Let’s take the Chart of Accounts as a perfect example. Just that terminology leads to confusion. The Chart of Accounts doesn’t really have “accounts” at all. When you think about your personal finances, your “accounts” are at a bank or an investment firm. You deposit and withdraw money from these accounts. The truth is, the Chart of Accounts in business accounting is really just a chart of categories. They are the means by which you classify your transactions. But don’t we do that in our personal finances also? Of course we do. Let’s look at an example in three software programs.

Personal Finances in Quicken

Below, we see two transactions entered in Quicken Premiere.

Quicken category

We see two payments to Prudential which have been categorized as “Insurance”. This enables us to run reports in Quicken which tell us how much we have spent on insurance in any given time.

Business Finances in QuickBooks Online

Now let’s look at a similar screenshot from QBO.

QBO category

Here, our company subscribes to a business book club “Books by Bernie”. We have categorized the payment to “Dues & Subscriptions”. As in the personal finance example, QBO lets us run a report (the Income Statement) that tells us how much we’ve spent on dues and subscriptions.

Business Finances in Xero

Finally, let’s look at a similar transaction in Xero.

Xero category

Here we have a payment made to Smart Agency for an advertising campaign. We have chosen “Advertising” as our category for this payment.

So What’s the Difference?

In our personal finances, we pick a category to classify a transaction. In our business finances, we pick “an account” from the Chart of Accounts to classify our transaction. Interestingly, the only real difference between the two is what goes on behind the scenes – shielded from us by the software program.

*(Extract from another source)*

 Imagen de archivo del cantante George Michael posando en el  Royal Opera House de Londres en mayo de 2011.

In personal finance, we categorize and then we are done. In business finance, behind the scenes, the software is sorting out debits and credits. So in both the QBO and Xero examples, we credit the cash account (which may be a bank account) and we debit the expense account (Dues and Subscriptions, or Advertising). The debits and credits match (as they must) and our balance sheet shows we are in balance.

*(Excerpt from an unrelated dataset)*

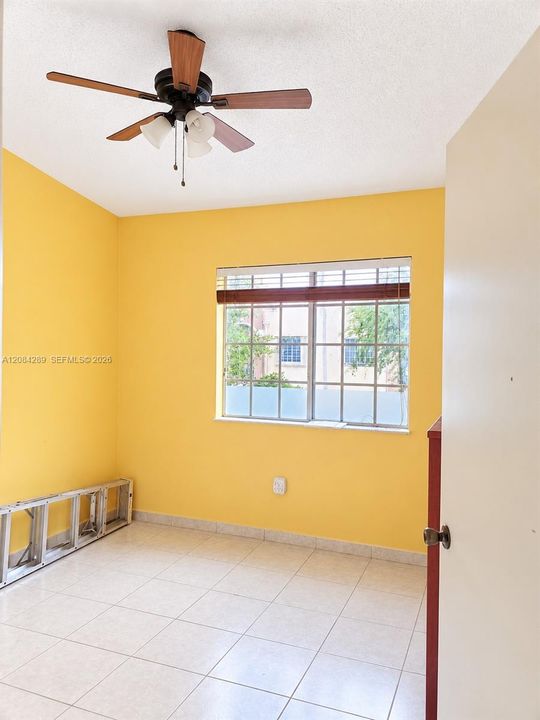 For Sale: $350,000 (3 beds, 2 baths, 1130 Square Feet)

Thanks to modern business accounting software, the journal entry of debits and credits that we might have had to do by hand are done for us behind the scenes in the software. So, for all intents and purposes, assigning a transaction to an “account” in the Chart of Accounts is no different from categorizing an expense as we would in our personal software.

I am convinced that throughout the ages, the accounting Gods have gone out of their way to confuse us. Maybe it’s a way of keeping the average Joe out of an elite club that uses its own obscure jargon? In any case, I believe accounting and bookkeeping professionals should use every opportunity to make business finance understandable for everyday folks who are just trying to make their businesses succeed.